:: WORK TO COMPLETE ::
Every record is to be printed exactly as written; pictures are to be omitted.

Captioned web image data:
--- START ---

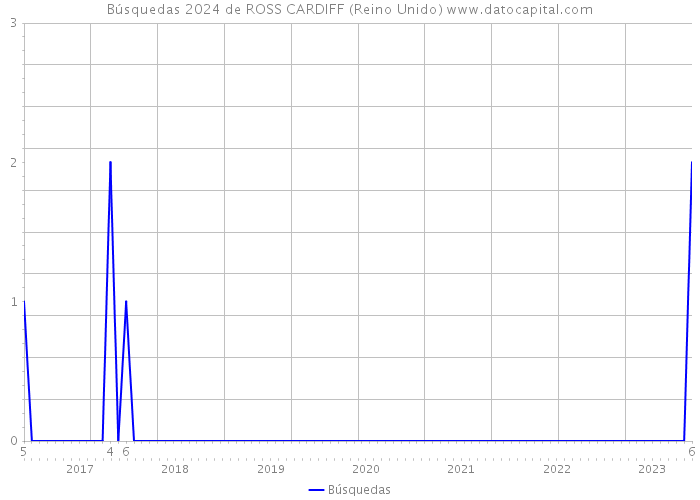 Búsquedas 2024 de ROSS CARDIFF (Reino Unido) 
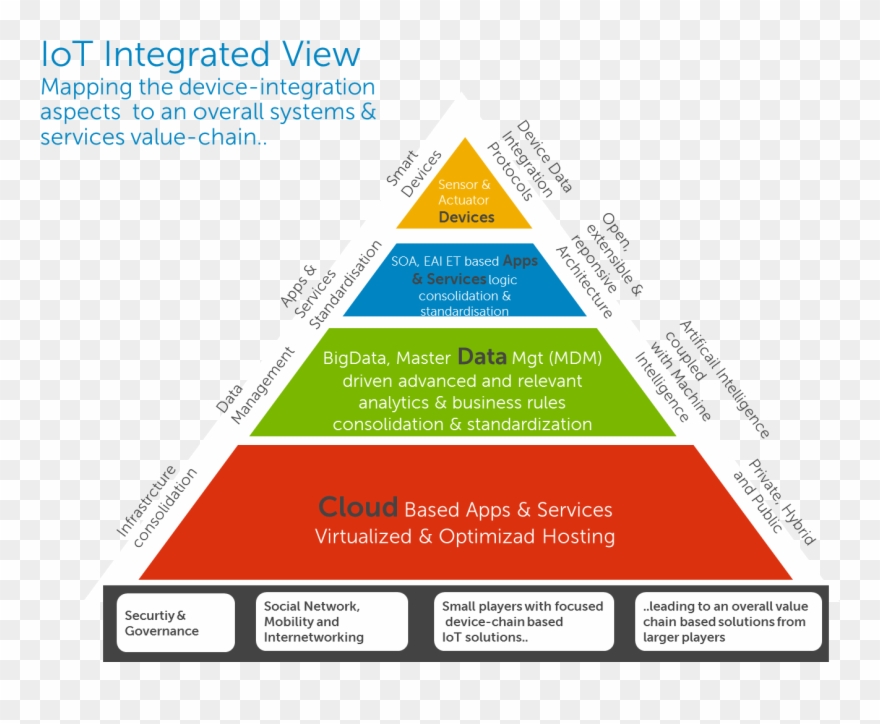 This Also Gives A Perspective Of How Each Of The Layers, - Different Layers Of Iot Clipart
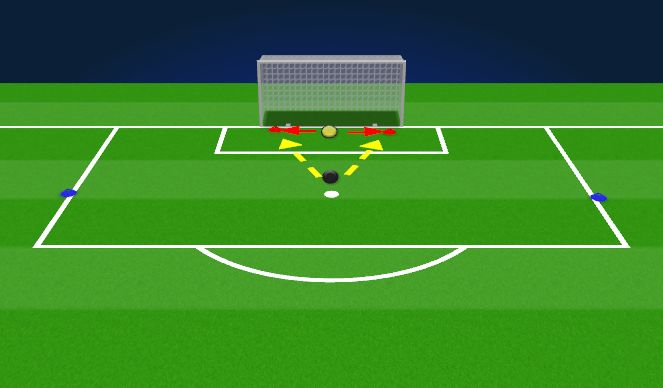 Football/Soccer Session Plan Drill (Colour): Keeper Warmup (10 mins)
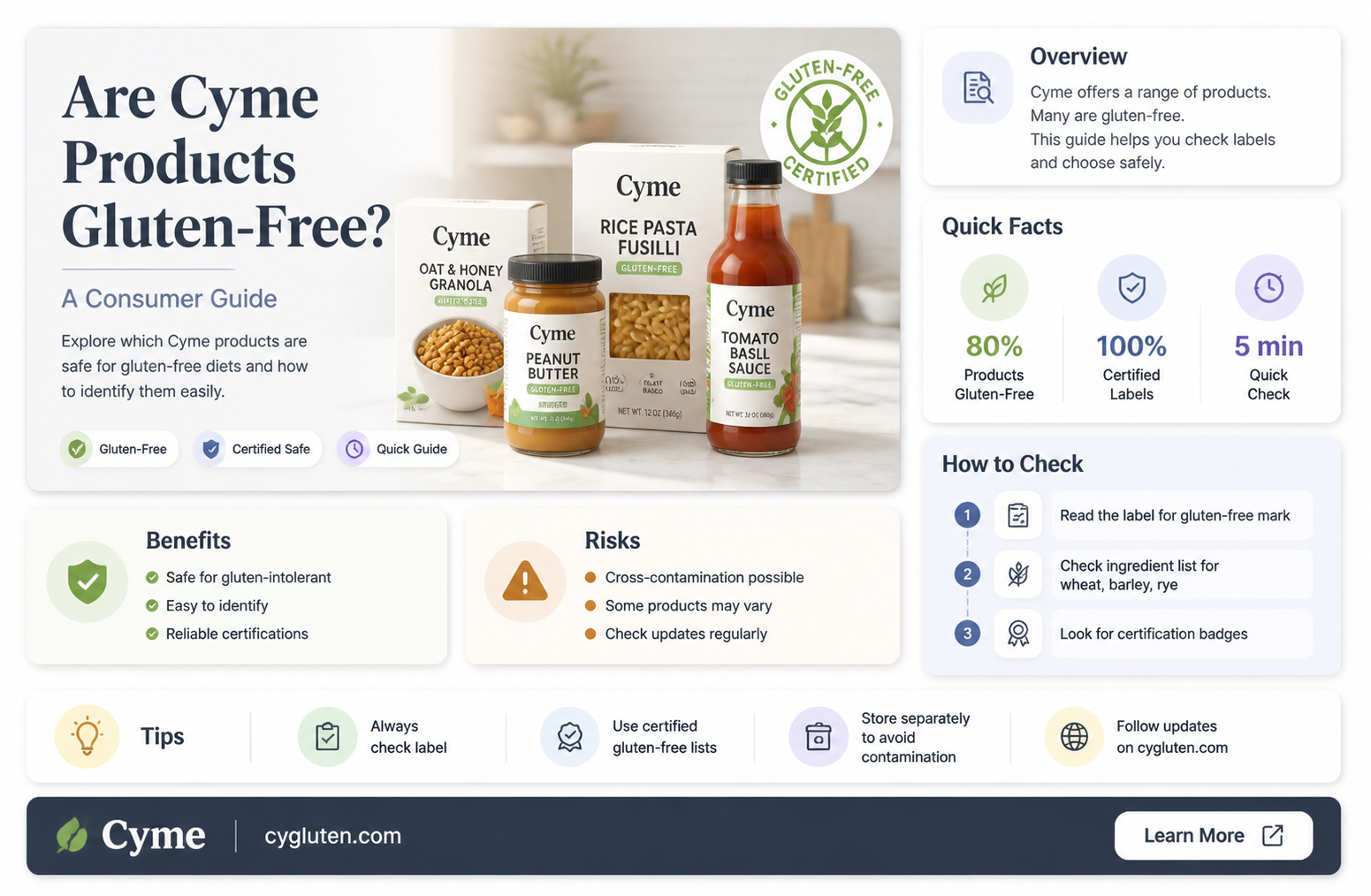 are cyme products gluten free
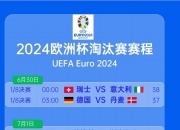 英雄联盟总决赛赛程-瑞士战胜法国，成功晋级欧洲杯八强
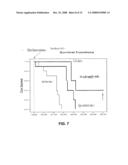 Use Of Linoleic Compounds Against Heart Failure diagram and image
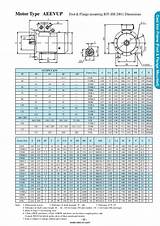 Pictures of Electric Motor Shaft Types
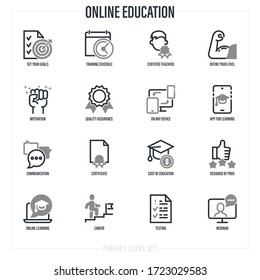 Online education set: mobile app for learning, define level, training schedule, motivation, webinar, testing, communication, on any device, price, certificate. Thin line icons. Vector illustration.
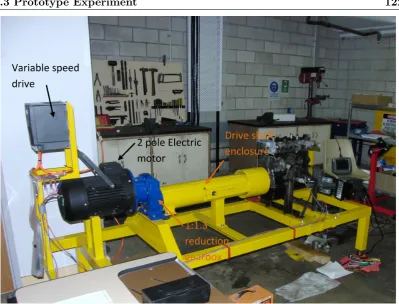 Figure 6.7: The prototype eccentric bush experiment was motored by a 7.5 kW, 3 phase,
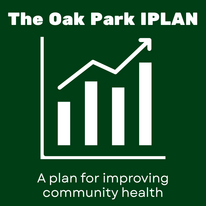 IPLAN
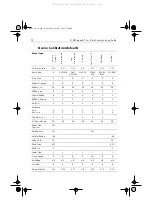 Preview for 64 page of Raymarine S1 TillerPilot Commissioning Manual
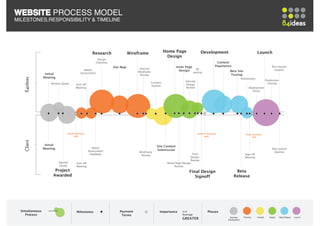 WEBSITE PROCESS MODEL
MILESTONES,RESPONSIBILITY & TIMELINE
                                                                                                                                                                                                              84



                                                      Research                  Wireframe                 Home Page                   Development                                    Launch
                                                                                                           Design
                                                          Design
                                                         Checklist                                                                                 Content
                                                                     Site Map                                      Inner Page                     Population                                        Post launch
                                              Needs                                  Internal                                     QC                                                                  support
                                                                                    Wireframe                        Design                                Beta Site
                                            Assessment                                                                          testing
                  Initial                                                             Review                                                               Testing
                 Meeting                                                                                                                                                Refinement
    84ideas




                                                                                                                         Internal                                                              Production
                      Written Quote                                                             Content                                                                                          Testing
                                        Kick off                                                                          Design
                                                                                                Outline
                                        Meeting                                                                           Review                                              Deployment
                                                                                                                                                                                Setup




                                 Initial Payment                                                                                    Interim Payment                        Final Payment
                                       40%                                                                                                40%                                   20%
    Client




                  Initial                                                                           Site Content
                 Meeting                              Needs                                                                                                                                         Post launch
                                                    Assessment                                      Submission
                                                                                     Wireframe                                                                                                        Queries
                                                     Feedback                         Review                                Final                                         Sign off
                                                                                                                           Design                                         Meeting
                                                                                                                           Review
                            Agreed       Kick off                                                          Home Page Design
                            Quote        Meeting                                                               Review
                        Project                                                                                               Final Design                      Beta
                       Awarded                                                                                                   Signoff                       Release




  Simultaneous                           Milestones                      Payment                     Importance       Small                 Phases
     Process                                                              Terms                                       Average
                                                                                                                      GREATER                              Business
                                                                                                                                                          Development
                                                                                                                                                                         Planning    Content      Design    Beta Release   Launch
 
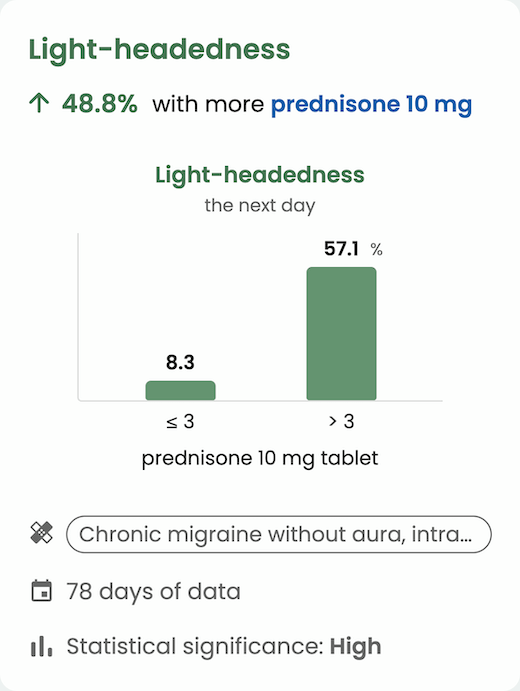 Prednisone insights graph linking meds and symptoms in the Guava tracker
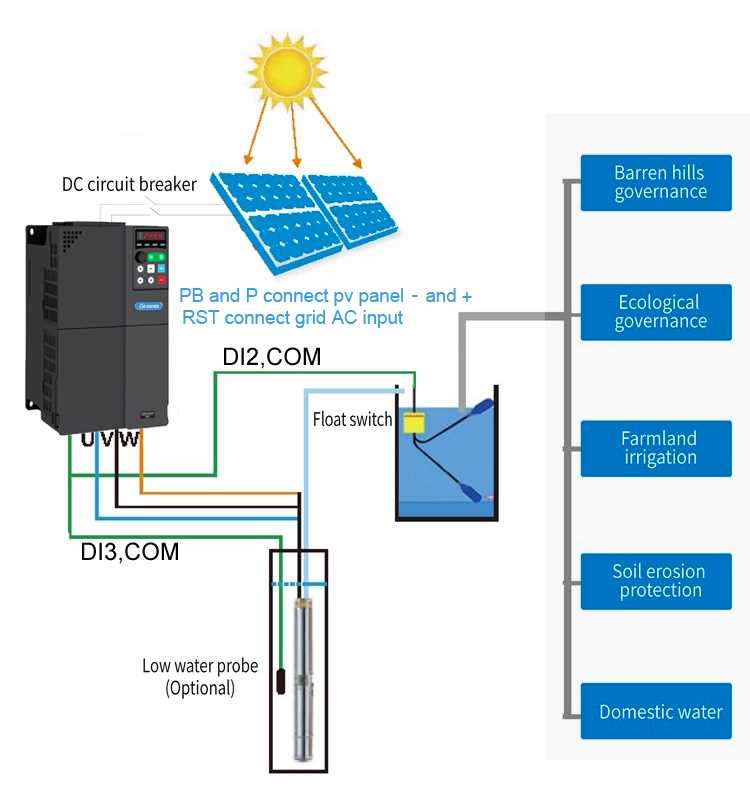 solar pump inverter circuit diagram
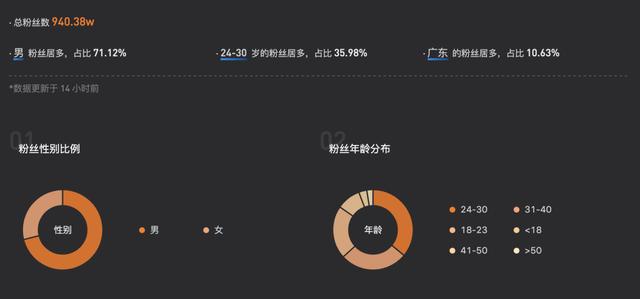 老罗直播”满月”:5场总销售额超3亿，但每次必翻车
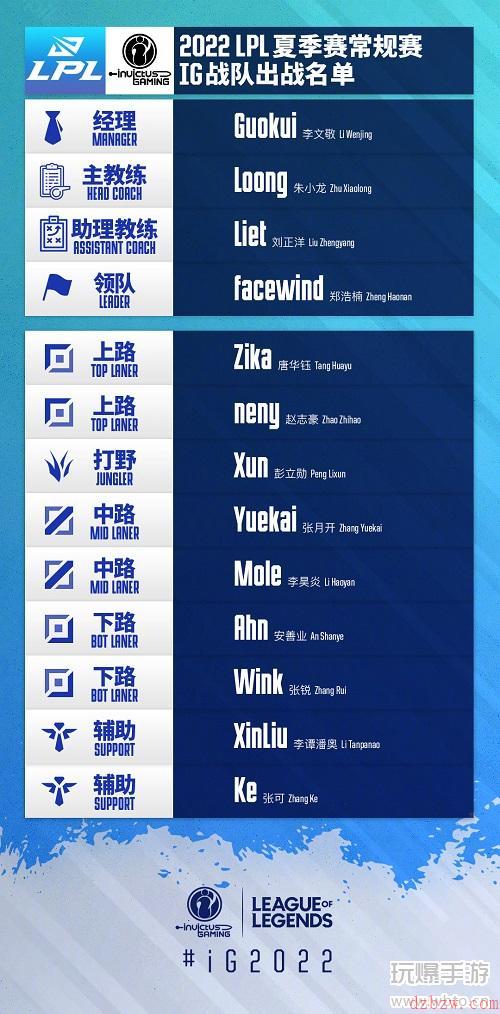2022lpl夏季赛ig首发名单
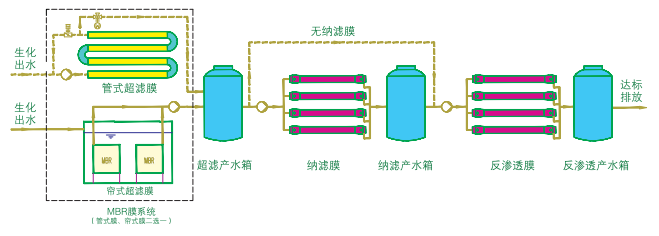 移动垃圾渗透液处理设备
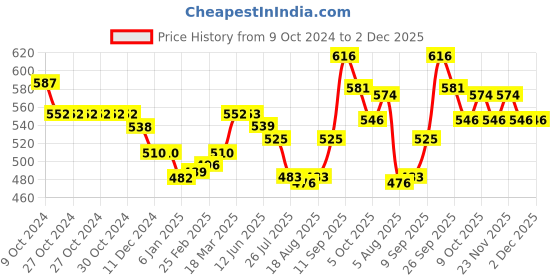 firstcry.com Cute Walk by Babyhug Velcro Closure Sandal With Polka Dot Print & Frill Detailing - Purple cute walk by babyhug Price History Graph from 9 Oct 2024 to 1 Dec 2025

--- END ---

:: SOLUTION TO THIS TASK ::
 Búsquedas 2024 de ROSS CARDIFF (Reino Unido) 
 This Also Gives A Perspective Of How Each Of The Layers, - Different Layers Of Iot Clipart
 Football/Soccer Session Plan Drill (Colour): Keeper Warmup (10 mins)
 are cyme products gluten free
 英雄联盟总决赛赛程-瑞士战胜法国，成功晋级欧洲杯八强
 Use Of Linoleic Compounds Against Heart Failure diagram and image
 Pictures of Electric Motor Shaft Types
 Online education set: mobile app for learning, define level, training schedule, motivation, webinar, testing, communication, on any device, price, certificate. Thin line icons. Vector illustration.
 Figure 6.7: The prototype eccentric bush experiment was motored by a 7.5 kW, 3 phase,
 IPLAN
 Preview for 64 page of Raymarine S1 TillerPilot Commissioning Manual
 WEBSITE PROCESS MODEL
MILESTONES,RESPONSIBILITY & TIMELINE
                                                                                                                                                                                                              84



                                                      Research                  Wireframe                 Home Page                   Development                                    Launch
                                                                                                           Design
                                                          Design
                                                         Checklist                                                                                 Content
                                                                     Site Map                                      Inner Page                     Population                                        Post launch
                                              Needs                                  Internal                                     QC                                                                  support
                                                                                    Wireframe                        Design                                Beta Site
                                            Assessment                                                                          testing
                  Initial                                                             Review                                                               Testing
                 Meeting                                                                                                                                                Refinement
    84ideas




                                                                                                                         Internal                                                              Production
                      Written Quote                                                             Content                                                                                          Testing
                                        Kick off                                                                          Design
                                                                                                Outline
                                        Meeting                                                                           Review                                              Deployment
                                                                                                                                                                                Setup




                                 Initial Payment                                                                                    Interim Payment                        Final Payment
                                       40%                                                                                                40%                                   20%
    Client




                  Initial                                                                           Site Content
                 Meeting                              Needs                                                                                                                                         Post launch
                                                    Assessment                                      Submission
                                                                                     Wireframe                                                                                                        Queries
                                                     Feedback                         Review                                Final                                         Sign off
                                                                                                                           Design                                         Meeting
                                                                                                                           Review
                            Agreed       Kick off                                                          Home Page Design
                            Quote        Meeting                                                               Review
                        Project                                                                                               Final Design                      Beta
                       Awarded                                                                                                   Signoff                       Release




  Simultaneous                           Milestones                      Payment                     Importance       Small                 Phases
     Process                                                              Terms                                       Average
                                                                                                                      GREATER                              Business
                                                                                                                                                          Development
                                                                                                                                                                         Planning    Content      Design    Beta Release   Launch
 
 Prednisone insights graph linking meds and symptoms in the Guava tracker
 solar pump inverter circuit diagram
 老罗直播”满月”:5场总销售额超3亿，但每次必翻车
2022lpl夏季赛ig首发名单
 移动垃圾渗透液处理设备
 firstcry.com Cute Walk by Babyhug Velcro Closure Sandal With Polka Dot Print & Frill Detailing - Purple cute walk by babyhug Price History Graph from 9 Oct 2024 to 1 Dec 2025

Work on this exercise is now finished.